I’ve reduced my code down to the following, which is as simple as I could make it whilst retaining the compiler output that interests me.
void foo(const uint64_t used)
{
uint64_t ar[100];
for(int i = 0; i < 100; ++i)
{
ar[i] = some_global_array[i];
}
const uint64_t mask = ar[0];
if((used & mask) != 0)
{
return;
}
bar(ar); // Not inlined
}
Using VC10 with /O2 and /Ob1, the generated assembly pretty much reflects the order of instructions in the above C++ code. Since the local array ar is only passed to bar() when the condition fails, and is otherwise unused, I would have expected the compiler to optimize to something like the following.
if((used & some_global_array[0]) != 0)
{
return;
}
// Now do the copying to ar and call bar(ar)...
Is the compiler not doing this because it’s simply too hard for it to identify such optimizations in the general case? Or is it following some strict rule that forbids it from doing so? If so, why, and is there some way I can give it a hint that doing so wouldn’t change the semantics of my program?

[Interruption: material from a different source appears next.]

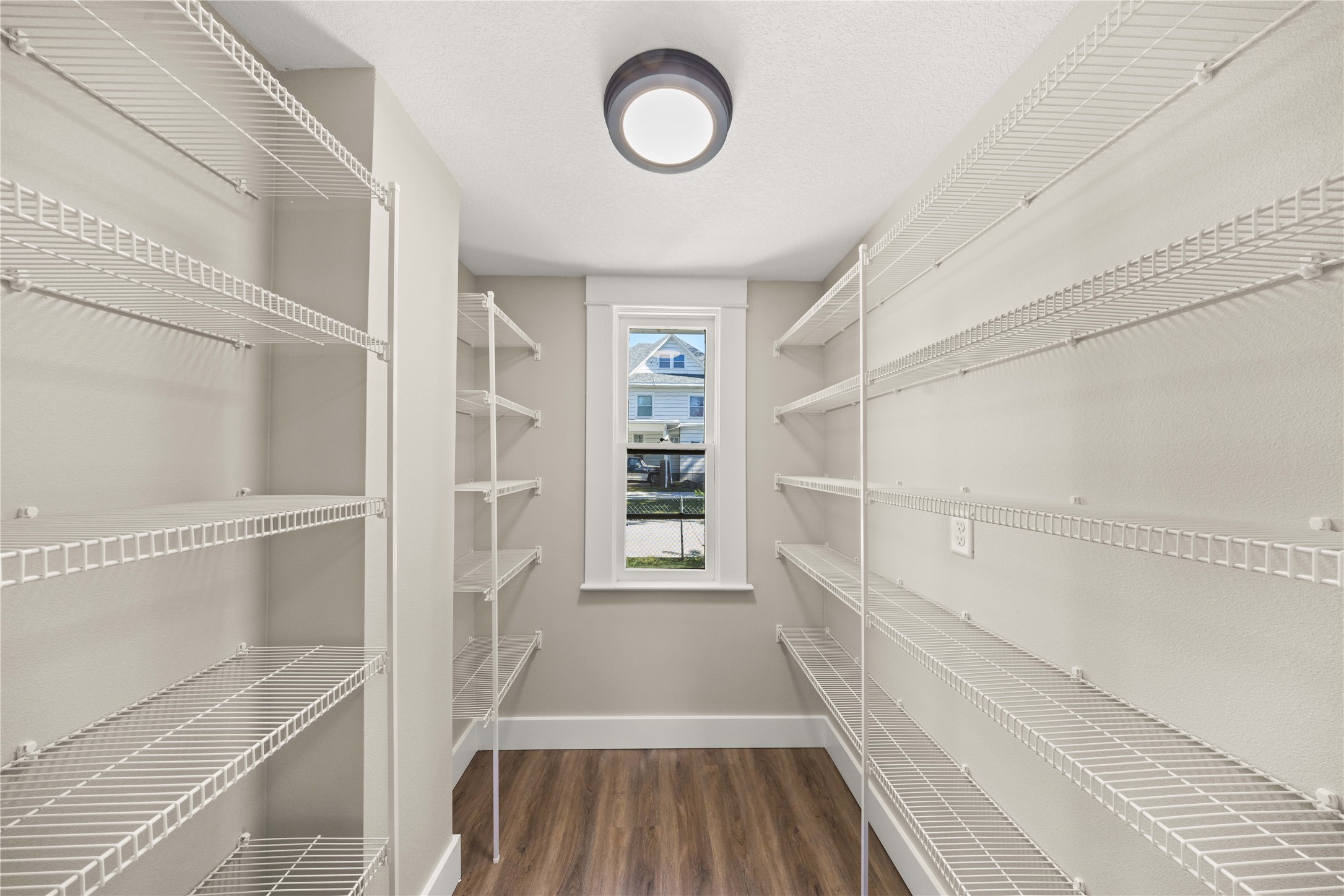 400 4th Street SE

Note: obviously it would be trivial to obtain the optimized output by just rearranging the code, but I’m interested in why the compiler won’t optimize in such cases, not how to do so in this (intentionally simplified) case.
There are no “strict rules” controlling what kind of assembly language the compiler is permitted to output. If the compiler can be certain that a block of code does not need to be executed (because it has no side effects) due to some precondition, then it is absolutely permitted to short-circuit the whole thing.
This sort of optimisation can be fairly complex in the general case, and your compiler might not go to all that effort. If this is performance critical code, then you can fine-tune your source code (as you suggest) to help the compiler generate the best assembly code. This is a trial-and-error process though, and you might have to do it again for the next version of the compiler.